(1) Fast glacier flow and bedrock geology. We have been working on the longstanding and unsolved question of how the geologic substrate is related to glacier surging. In an extensive and multidisciplinary field-based study, we examined everything from subglacial chemical weathering to proglacial suspended sediment properties to the grain-scale mineralogy of crushed rock and glacial sediment. We found a stunning correlation between bedrock fracture characteristics and surge propensity, prompting a new hypothesis to explain the local distribution of surge-type glaciers.

(2) Unstable ice-dammed lakes. Outburst floods from glacier-dammed lakes pose a threat to downstream ecosystems, infrastructure and communities. To better understand the interaction between glaciers and freshwater reservoirs, we undertook a process-based study of the largest annually recurring ice-dammed lake in our Yukon study area. Meteorological, hydrological and geophysical data collected over the course of an annual lake filling and drainage cycle revealed that most water is stored in or under the glacier (rather than in the visible lake) and that the lake and ice dam interact in ways that are absent in standard models. This project also facilitated the development of a novel radar system to monitor englacial/subglacial properties.

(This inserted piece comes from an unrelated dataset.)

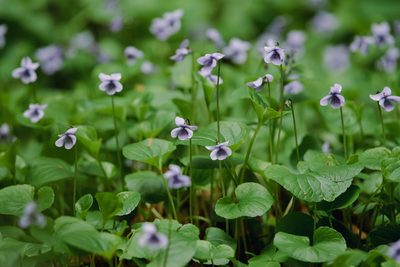 Viola palustris, photographed by Stanislav Murashkin
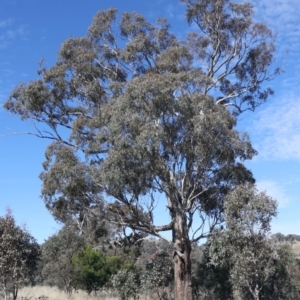 Eucalyptus melliodora at Goorooyarroo NR (ACT) - 20 May 2021 01:24 PM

(3) Measuring and modelling snowfall across glaciers. Glaciers rely on the seasonal accumulation of snow to offset mass lost through summer melt, yet accumulation is notoriously difficult to quantify due to its spatial heterogeneity. Using over 9000 field measurements of snow depth and density, we have investigated key sources of uncertainty in accumulation measurements and analysis and tested different experimental design for snow surveys.   

We also work on Arctic glacier mass balance and dynamics, application of statistical methods in glaciology, glacier and ice-sheet hydrology, subglacial processes, glacier erosion modelling, glacier thermal structure and evolution and glacier-climate interactions.